Tears of the Maasai
Praise for Tears of the Maasai
“Engaging and entertaining”- Adelaide Advertiser
“An impressive debut novel”- Illawarra Mercury
“Rich with historical detail as well as the sights and sounds of modern-day Africa, Tears of the Maasai is an epic story”- Pittwater Life
In the tradition of Beverley Harper comes a sweeping story of love and honour.
After a disastrous affair, Jack Morgan is at an emotional crossroads. When he’s offered a UN posting in Kenya he grabs it, believing time spent on foreign soil will help him forget and move on. But Africa is a land of danger, adventure and temptation, and within weeks of arriving Jack is seduced – by the spectacular Serengeti National Park, the rich Kenyan culture, and a beautiful Maasai woman named Malaika.
Strong, successful and fiercely independent, Malaika works in the Nairobi office of a US aid agency. But she, too, carries a burden within: she fled her abusive father as a young child, and in doing so was forced to abandon her majestic Maasai heritage and repress painful memories. Determined to protect her hard-won autonomy – a rarity for women in Africa – Malaika approaches Jack with curiosity. And caution.

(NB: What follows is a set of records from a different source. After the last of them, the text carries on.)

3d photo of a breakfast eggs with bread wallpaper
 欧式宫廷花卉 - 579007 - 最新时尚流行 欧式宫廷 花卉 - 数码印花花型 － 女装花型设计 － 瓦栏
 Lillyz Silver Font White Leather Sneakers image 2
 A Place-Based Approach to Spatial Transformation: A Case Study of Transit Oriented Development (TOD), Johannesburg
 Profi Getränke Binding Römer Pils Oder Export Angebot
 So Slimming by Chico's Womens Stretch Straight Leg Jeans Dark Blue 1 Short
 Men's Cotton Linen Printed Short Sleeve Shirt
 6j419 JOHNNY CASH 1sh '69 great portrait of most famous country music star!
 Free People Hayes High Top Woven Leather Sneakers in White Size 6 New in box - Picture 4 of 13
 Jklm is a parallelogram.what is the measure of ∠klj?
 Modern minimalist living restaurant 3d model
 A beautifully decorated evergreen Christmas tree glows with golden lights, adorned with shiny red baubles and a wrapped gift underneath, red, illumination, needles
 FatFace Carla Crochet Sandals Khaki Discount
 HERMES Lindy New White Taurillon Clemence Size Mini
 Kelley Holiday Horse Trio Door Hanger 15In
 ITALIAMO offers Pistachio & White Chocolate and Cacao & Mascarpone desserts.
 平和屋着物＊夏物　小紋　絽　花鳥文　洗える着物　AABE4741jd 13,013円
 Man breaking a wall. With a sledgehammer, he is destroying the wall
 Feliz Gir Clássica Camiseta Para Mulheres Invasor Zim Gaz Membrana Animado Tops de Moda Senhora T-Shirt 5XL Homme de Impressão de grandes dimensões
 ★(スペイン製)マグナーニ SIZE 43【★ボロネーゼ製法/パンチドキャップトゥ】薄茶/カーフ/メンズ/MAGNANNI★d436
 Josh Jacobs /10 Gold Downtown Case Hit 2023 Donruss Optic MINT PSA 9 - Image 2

But the heart knows no boundaries, and their love takes its course, drawing attention from officials both black and white. When Malaika is reunited with a Maasai man she had long ago forgotten, she is plunged back into a world of ancient curses and tribal responsibilities, a world for which neither she nor Jack is prepared.
At the centre of a gathering storm, Malaika and Jack must decide if their pasts can permit a future for their love… Rich with historical detail as well as the sights and sounds of modern-day Africa, Tears of the Maasai is an epic story about family, responsibility, and the cost of loving. In prose that is as broad as the plain and as colourful as the wildlife, Frank Coates brings together black and white, old and new, and shows how we must first look back in order to look forward.
With the author behind the Scenes of Tears of the Maasai
Tears of the Maasai grew out of a number of anecdotal short stories I wrote during 1999 –2000. I had waited a long time before doing anything about my desire to write – 30 years in fact – but I finally ‘grasped the nettle’. I enrolled in a short course on creative writing at TAFE. It focussed on short stories and the opportunities to get them published.
But I had problems with the genre. I didn’t have the discipline to keep the stories tight and punchy, and they went on and on – far too long for their own good. All I really wanted to write about was my life and experiences in Africa years before, but which were still very much on my mind.
I felt I had failed the course, but surprisingly, the teacher invited me to join a writers’ group, and through them I began to work on my technique, and my stories.
After many failed attempts to keep my short stories short, the writer’s group finally convinced me to write the novel I obviously wanted to write. I strenuously denied this at first, ‘I still had the day job’, I told them, and certainly no time for such an enormous undertaking.
But I worked on the novel for the next two years, during which time it went through a number of titles including Tears of the Lion and Sendeyo’s Curse before arriving at Tears of the Maasai. When I had the completed manuscript I embarked upon a series of exciting events. First, I found an agent, and shortly after that I signed a two-book contract with publishers Harper Collins.
The subsequent events were an exhilarating ride, with each high more exciting than the last. The thrill of seeing Tears of the Maasai in book shops was unbelievable. I still get that same old buzz seeing my books on the shelves.